I opted to keep the girls home today. I didn't sleep well last night, and was dragging my feet on getting the morning going, dreading dealing with things. It's stinking hot here, too, which isn't helping. I just packed a picnic and we're going to a playground with a water spray park attached so we can get some relief from the heat. I told them that we're going to go to camp tomorrow, and I'll talk to the director then. Thanks, everyone.
Keeping them home sounds like a good plan for today. When you're that uncomfortable with the situation there is no point in sending them there--you wouldn't be able to work on your thesis anyway, you'd be worrying about their safety!
Ah, now your fb makes sense! Good lord, I would have done the same thing. Sometimes it's just best to go with your gut. And that level of disorganization does not bode well. At all.
Forty drownings!! That's appalling and frightening. If you can take the time off, the I'd sacrifice it, including from the entire camp. That's scary. Always go with your gut.
Girl Grey attended a sports camp for several weeks last summer and the summer before and it suffered from the same inattentiveness, probably due to young, inexperienced, immature counselors. She liked the activities, but didn't have a good time over all, plus there were problems with bullies. Luckily GG knows how to swim, but the camp takes kids at age three. I could not possibly imagine sending Baby Grey to that place. Last year they had promised reorganization from the year previous, so we gave it a second try.
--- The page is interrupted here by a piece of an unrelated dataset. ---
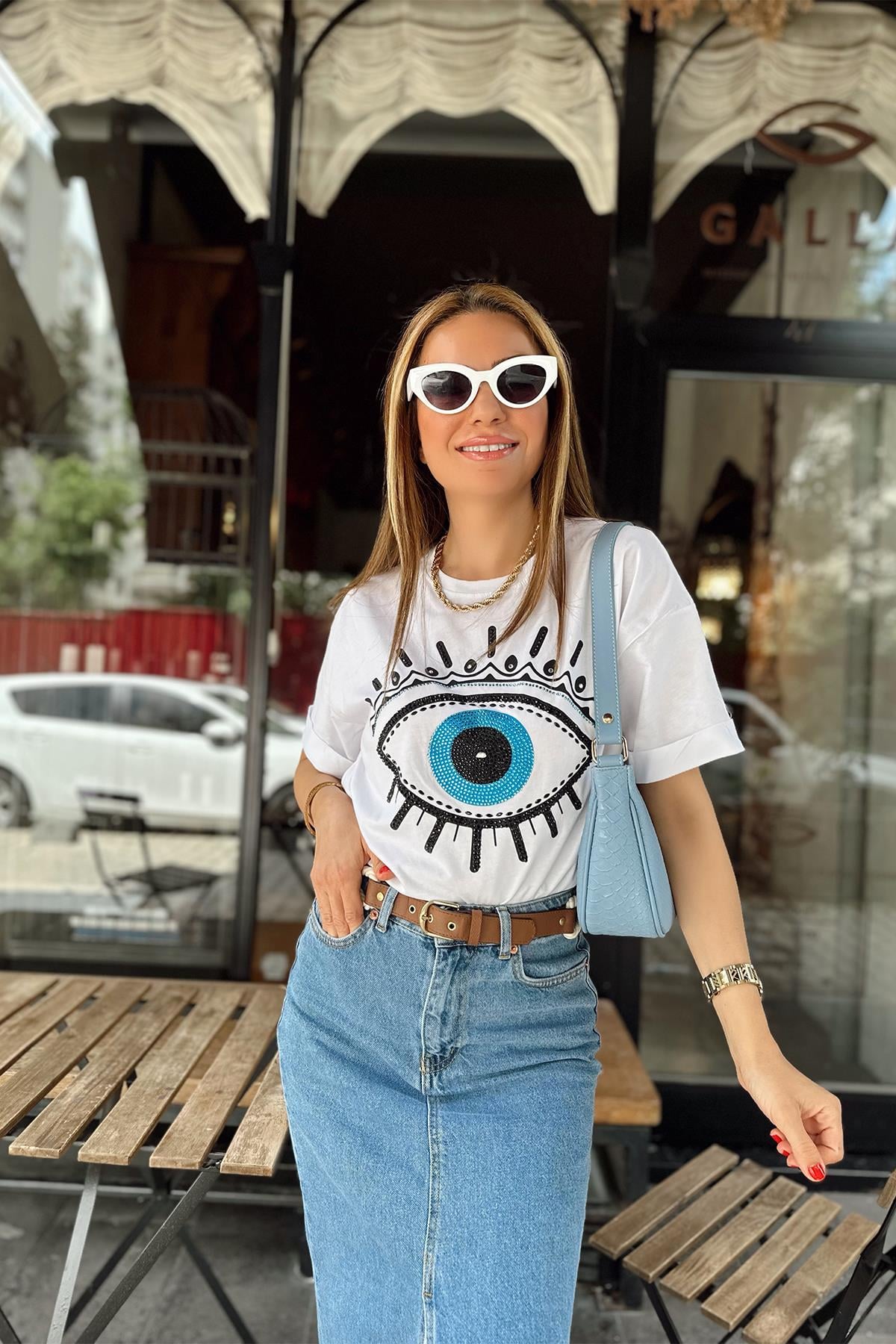 Göz Detaylı Beyaz Tshirt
Never again. This is a very uppity gym, so you might expect better.
Needless to say, GG did not go back this summer and she is LOVING her camps this year. I've never seen her so engaged and happy.
Seems like a smart decision, GG. You've got to do what feels right.
Out of curiosity, why the high numbers of drownings, do you think? I know they're a leading cause of death for kids here, but not forty in a summer.
State law here (or DCFS guidelines) is that you have to wear a lifejacket when swimming as part of daycamp/daycare unless you have passed a swimming test. Water still scares the crap out of me, though, and I will definitely make sure that we are comfortable with giving up the life jacket even if he passes the test. A kid drowned in the suburbs here on a daycamp sponsored trip, which only increased my fear level about swimming with groups. (Of course, the lifejacket thing isn't foolproof. They aren't designed for swimming, but I guess I will take it above nothing.)
And although in theory I agree about a 4-year-old's perception of the world, my kid lies rarely. And I have seen incidents unfold that happened exactly how he described. I would trust him. But, as has already been said, even if there is exaggeration, they've already told you enough.
So, yeah, pull them if you are able.